Priority is a function of context

-Stephen R. Covey

Several lively conversations at the Association of Moving Image Archivists conference a few weeks ago centered on the selection for preservation process. Why prioritize—can’t (or shouldn’t) we save it all? That was one viewpoint, further refined by: Why prioritize? Digitize it all—it takes more resources to prioritize than to just get it all digitized.

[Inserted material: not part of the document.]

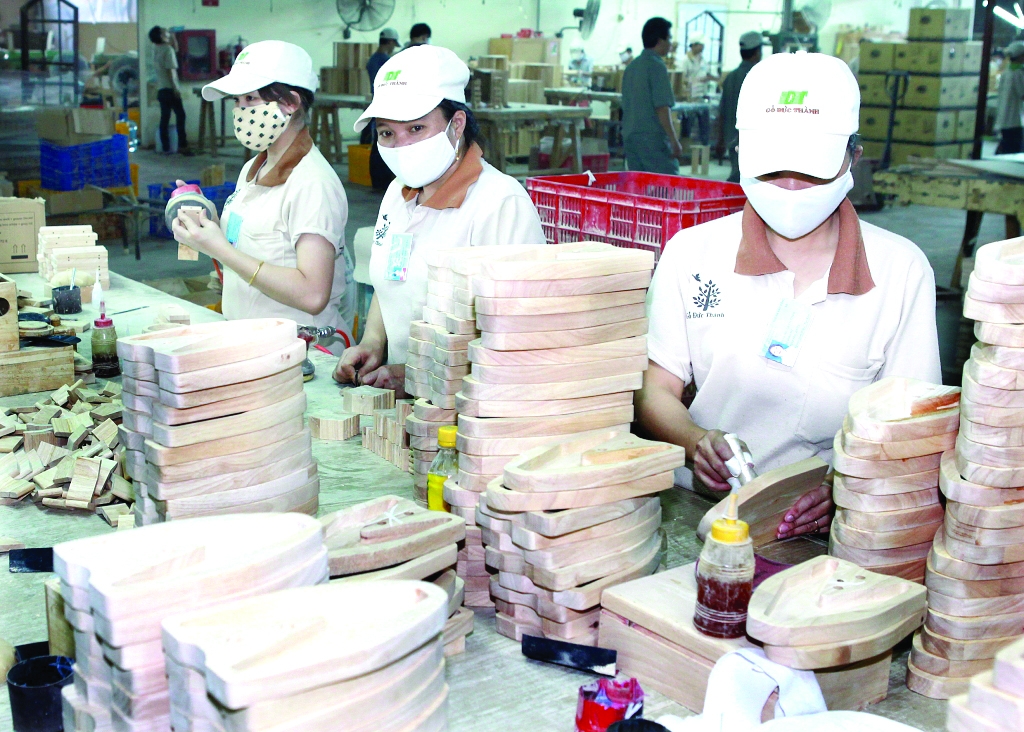 Sản xuất gỗ xuất khẩu tại Công ty CP Gỗ Đức Thành. 	Ảnh: D.T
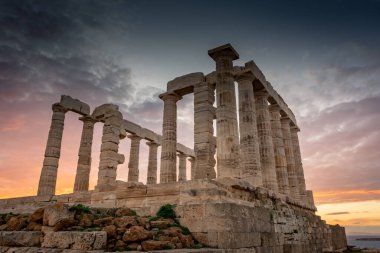 Gün batımında Cape Sounion 'daki Poseidon Tapınağı, Yunanistan' daki Ege Denizi üzerinde.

Context matters. Within the context of IU Bloomington’s media preservation work we see the following answers to the question of why prioritize:

Lots of stuff
Our campus owns more than 560,000 audio, video, and film objects. At that scale, we are not convinced that it takes more resources to prioritize, particularly if prioritization is completed at the collection level and digitization is done at the object level using preservation principles.

No guarantees
Economic slowdowns and recessions happen and result in cutbacks or loss of funds. We are working for stable funding but, even if successful, there may be no guarantees over the course of 15 years or more. Better to get what you really want preserved digitized now.

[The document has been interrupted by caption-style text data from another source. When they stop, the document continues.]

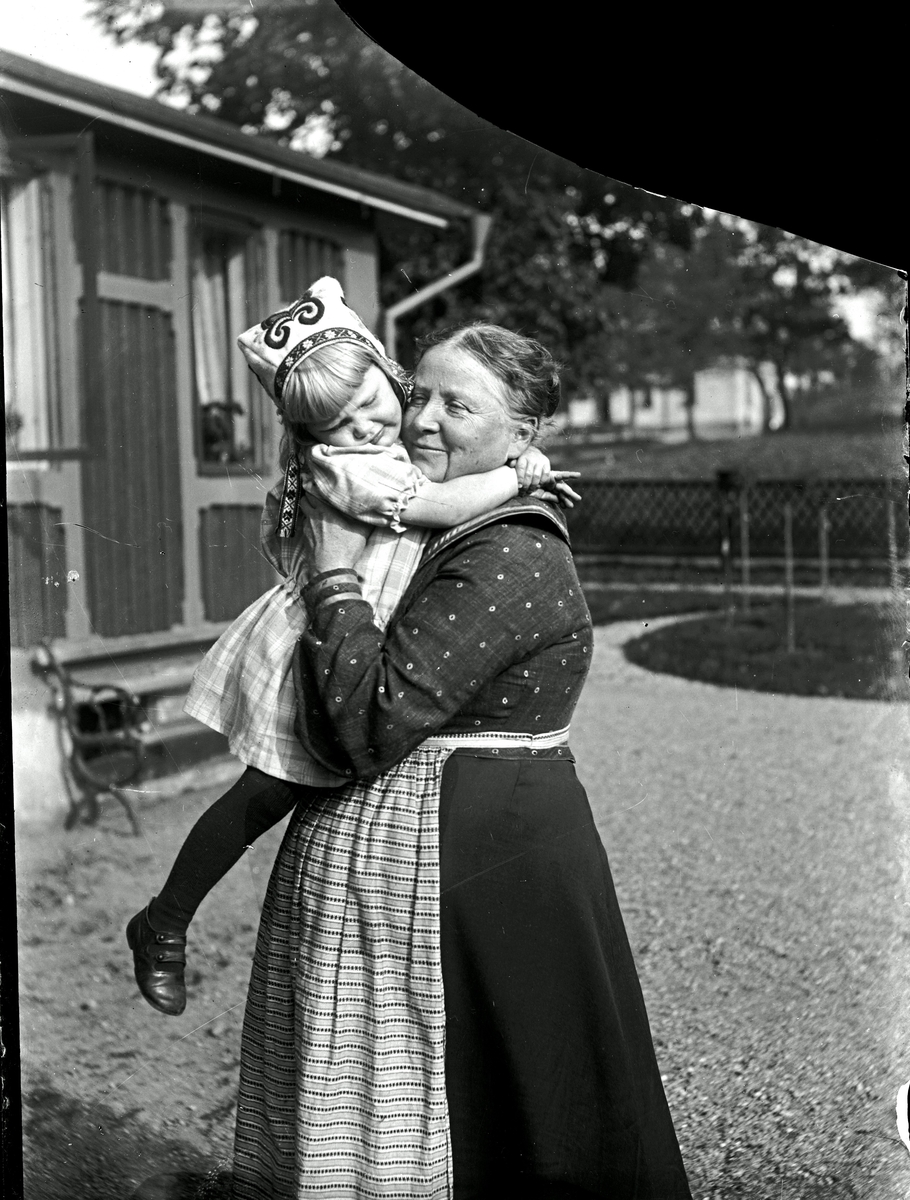 Kvinna med barn (trasig). Troligen Hallströmska villan.
Fotograf Okänd.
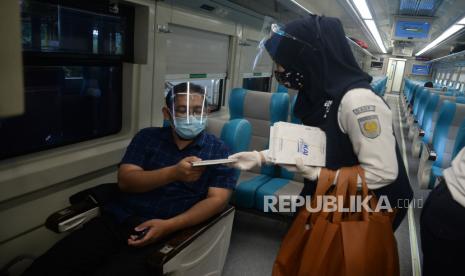 Karyawan PT KAI Daop 1 Jakarta membagikan masker dan handsanitizer kepada penumpang kereta Argo Parahyangan di Stasuin Gambir, Jakarta. PT Kereta Api Indonesia (KAI) Daerah Operasi (Daop) 1 Jakarta kembali mengoperasikan 19 perjalanan kereta api (KA) jarak jauh pada Oktober 2020. Sebanyak sembilan kereta masing-masing diberangkatkan dari Stasiun Gambir, Stasiun Senen, dan satu kereta dari Stasiun Jakarta Kota.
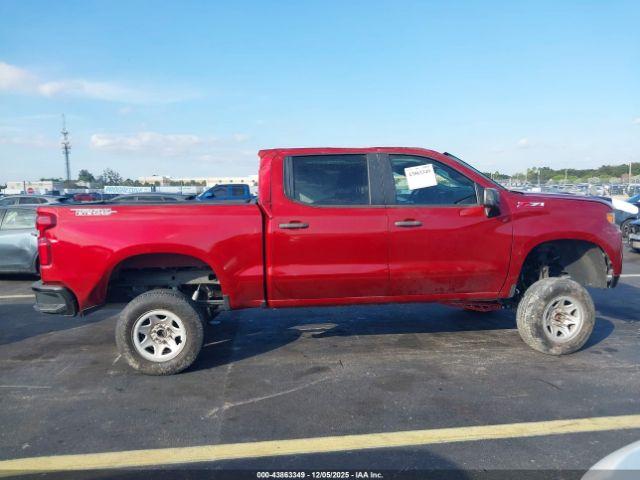 Chevrolet Silverado 1500 4wd  Short Bed Custom Trail Boss Image 6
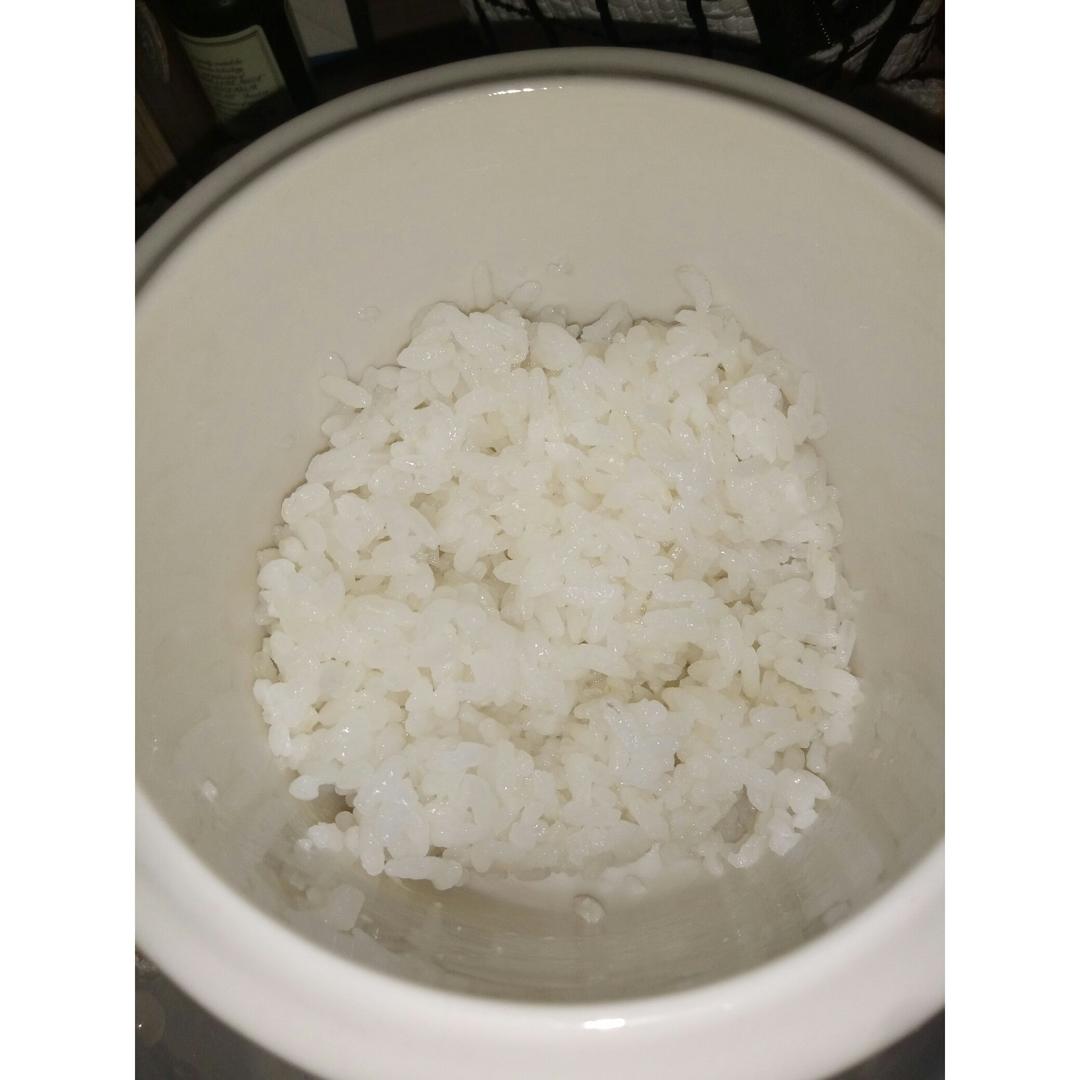 电炖锅蒸米饭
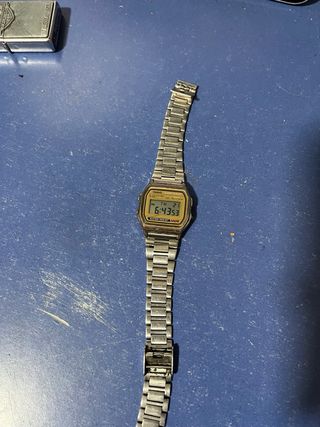 Reloj Casio Dorado y Plateado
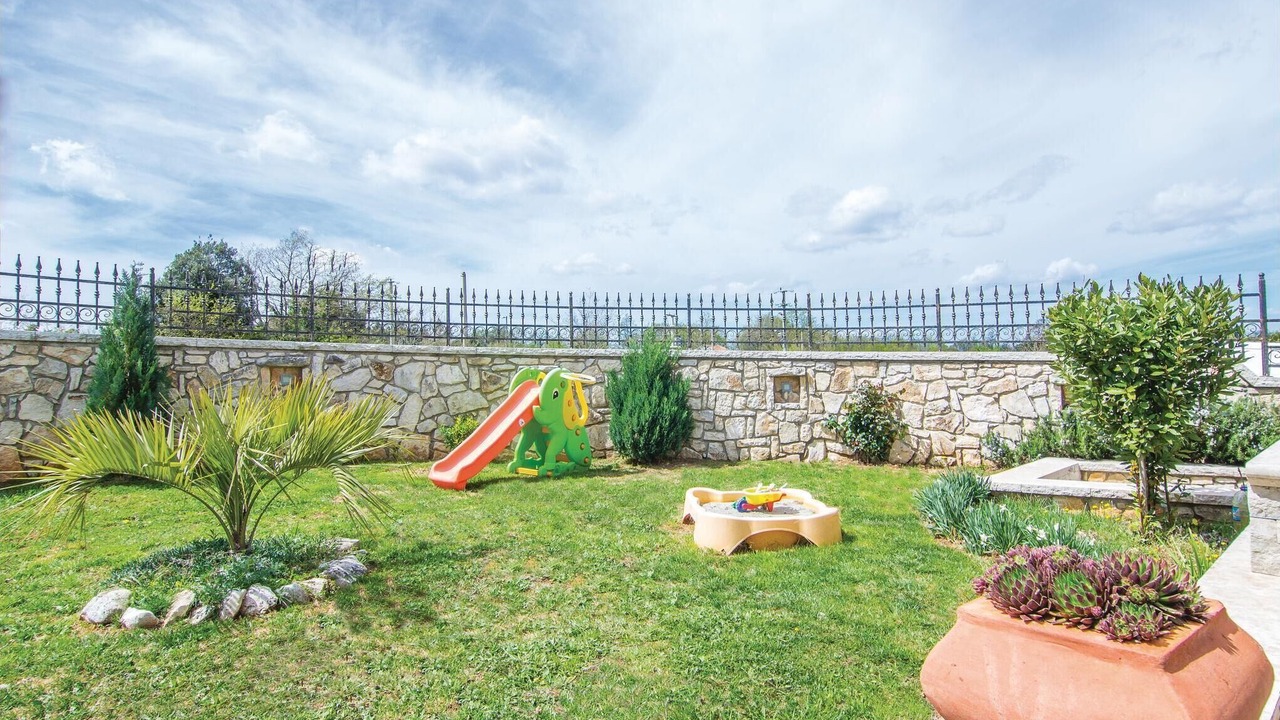 Photo of Outdoor in Zminj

Some recordings are falling apart
Most media formats are actively degrading, some catastrophically. In a short period of time we will lose the opportunity to digitize some items with full fidelity or at all.

Some machines are falling apart
Obsolescence is hitting media formats hard. It is increasingly difficult and expensive to find playback machines, spare parts, repair expertise, and even playback expertise. On an international level, there is talk that there are no longer enough playback machines with enough head life to digitize existing holdings of some formats. This is only going to get worse.

Administrative view
Our administration wants us to prioritize, to engage in a process where we decide what is most important and make choices. But there is also the added value that this process of selection for preservation will encourage an appraisal (a closely related archival function) mindset, which leads to more focused collection development going forward. Another way to put it: acquiring new collections with criteria for long-term preservation in mind from the beginning.

Some parts of prioritization can be completed by skilled, supervised graduate students whereas preservation transfer (digitization) in our context usually requires more highly paid engineers.

We hate to admit it, but some of our stuff may simply not be worth preserving. For example, large collections of common, commercial, and circulating VHS tapes and DVDs are valuable for student entertainment but perhaps not for long-term preservation. And, every unit holds collections that they consider to be the cream of the crop. These items deserve to be preserved first with others of lesser value going second as resources permit.